The microbial gene according to claim 1. The gene according to claim 1, wherein the gene is a bacterially sourced RidePack resistance aroG gene. a Gene is a feedback resistance source of micro#I source a r
The gene according to claim 1, which is an o k' gene. The gene according to claim 1qA, wherein the a gene is a native feedback resistance aroH gene. The τ gene is derived from E. coli (&ah@riohia 001
1) The gene according to claim 4, which is derived from 1). a Claims 1.9, 8, 5.6 or 7
A plasid consisting of genes capable of replicating in bacterial cells. a Bacterial Grasmid pH & -8. Claim 1a Grasmid of claim 1fi#E8qA, consisting of Grasmid pBR8Bg. IL Claim 1, which makes every effort to maintain and reproduce the plasid! I. Section 8. Microorganisms transformed with sensitive grass buds. □ l2 The grasmid can be recognized by the microorganism and contains a signal that controls the expression of a feedback-resistant DAHP synthetase gene, whereby the microorganism is able to recognize the presence of a normal, inhibitory amount of aromatic azunoacids. 1.1. The axis sigma microorganism of claim 1.1, having the ability to produce DAHP synthetase, which is active in . 1a The microorganism according to claim 11, wherein the plasmid is the plasmid according to claim 9. Table 1 The microorganism described in Claim 11, wherein the plasmid is Grasmid as described in Claim 1θ0. 1K First, insert the DNA segment into a single copy plasmid and change it to C#i14 to generate a plasmid.
Transforming microbial cells with the first recombinant grasmid,
isolating plasmid DNA from the microbial cell, excising the DNA segment or portion from the plasmid DNA, and then inserting the excised segment into a multicopy plasmid.

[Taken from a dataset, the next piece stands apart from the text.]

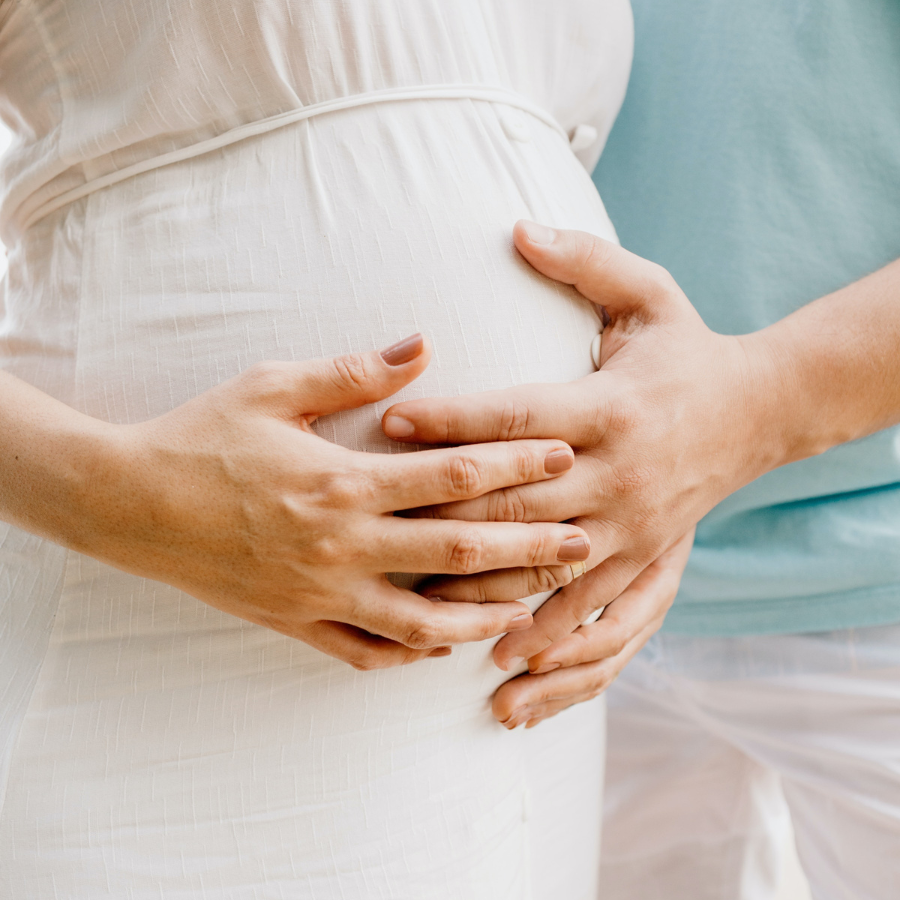 Pregnant couple holding womans belly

A method for cloning a DNA segment comprising forming a second recombinant plus strain and transforming a microbial cell with said second recombinant plus strain. 16. The method of claim 15, wherein the DNA segment to be cloned is characterized by the feedback-resistant DAHI' synthetase gene. l? The method of claim 16, wherein the feedback-resistant DAHP synthetase gene is a feedback-resistant aro(j); the fist-copying push cell is pMF-8; ;, oolz)
The method according to claim 17, wherein: The above-mentioned Tatesha plus card is pBR8B8,
18. The method according to claim 17, wherein the microbial cell is a coliform (N, ooll).